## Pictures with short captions
···

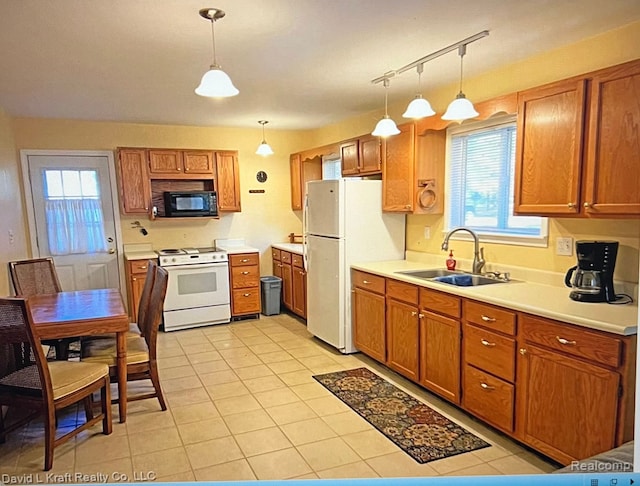kitchen featuring brown cabinets, light tile patterned floors, a sink, and white appliances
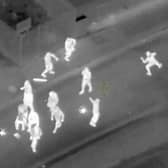 Helicopter footage from Police Scotland shows youths throwing fireworks and other projectiles during public disorder in Edinburgh last year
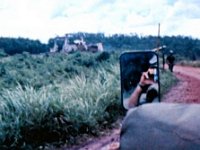 Approaching the one-lane old French bridge over the Song Be [River] on the road to Phuoc Vinh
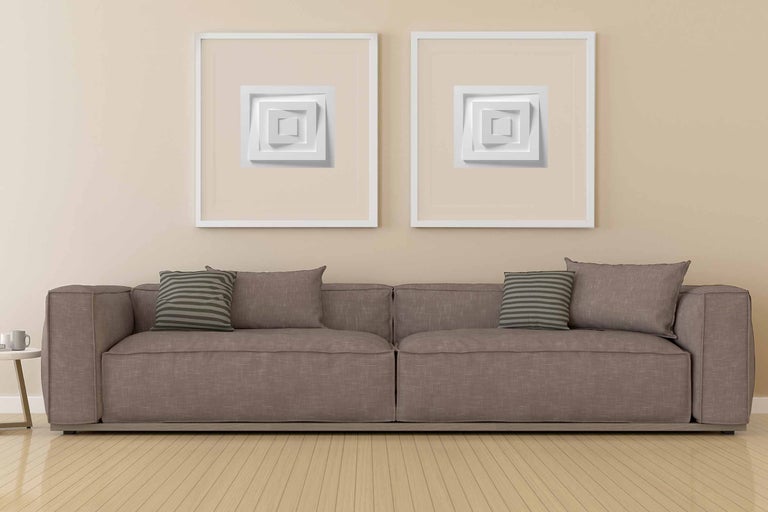 Vardagsrum med soffa och två inramade, tredimensionella väggdekorationer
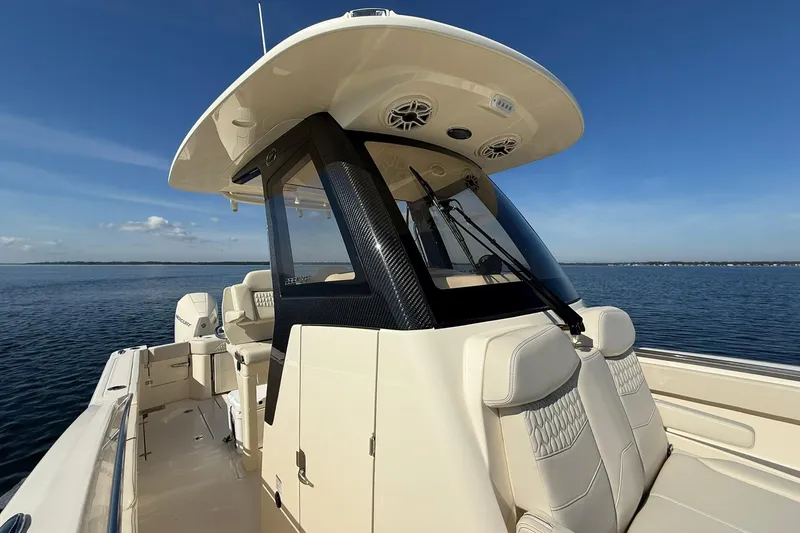 Slide: The Image of 2026 Scout 288 LXF boat on calm water, featuring sleek design and modern amenities. - 19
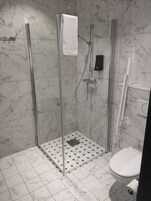 A modern bathroom with a glass-enclosed shower, a white toilet, and a tiled floor with a hexagonal pattern.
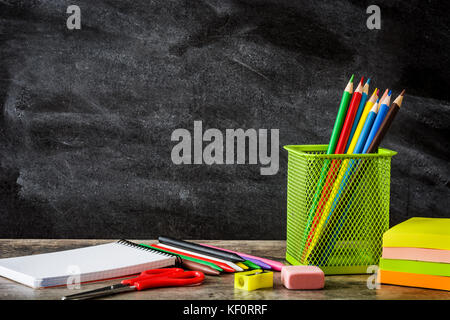 School supplies on wooden table and blackboard background. Back to school concept. Copyspace. Stock Photo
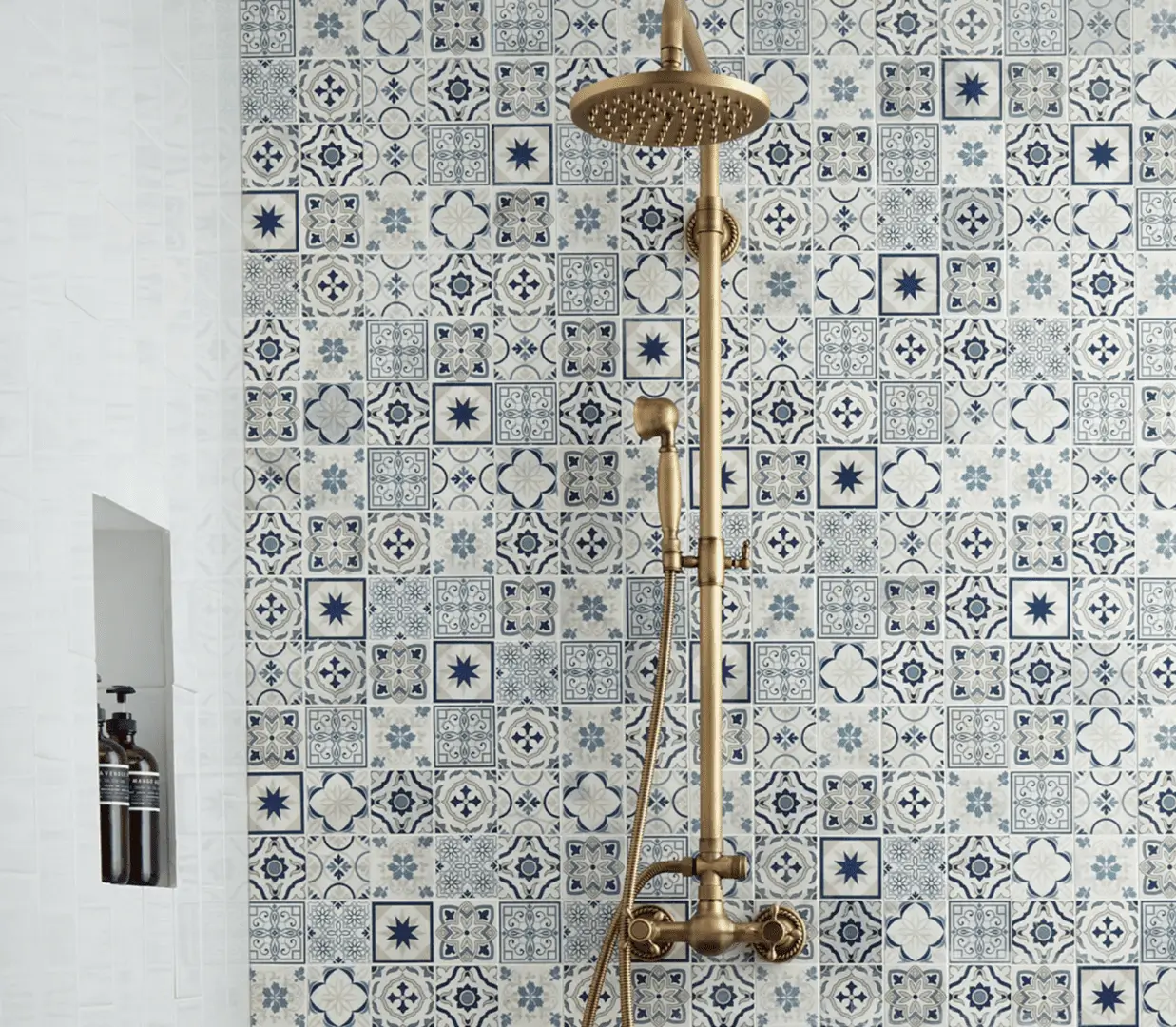 A shower with a gold faucet and a blue tile wall.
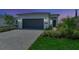 Beautiful home exterior with a gray garage door, manicured landscaping, and a brick driveway at 1461 Santorini Way, Tavares, FL 32778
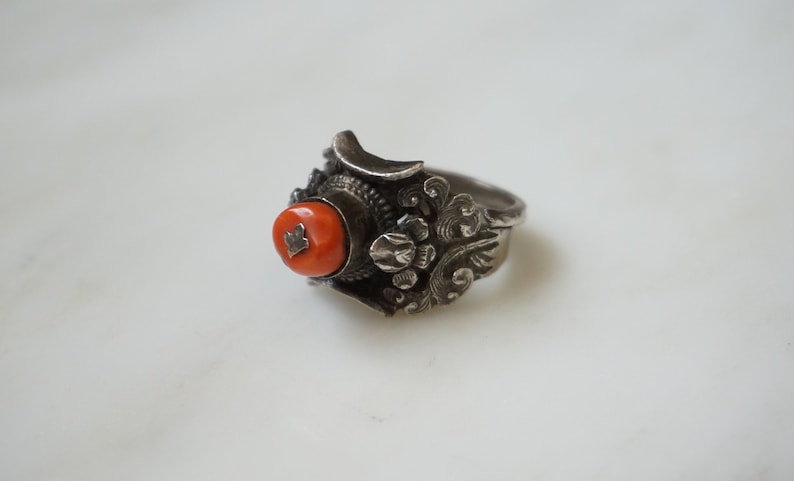 May include: A silver ring with an intricate design featuring a red coral stone.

···

## What you should do
Every line from the one containing "A shower with" through the last line of the data, both included, is to be repeated exactly; the pictures are to be left out.

## Exercise output
 A shower with a gold faucet and a blue tile wall.
 Beautiful home exterior with a gray garage door, manicured landscaping, and a brick driveway at 1461 Santorini Way, Tavares, FL 32778
 May include: A silver ring with an intricate design featuring a red coral stone.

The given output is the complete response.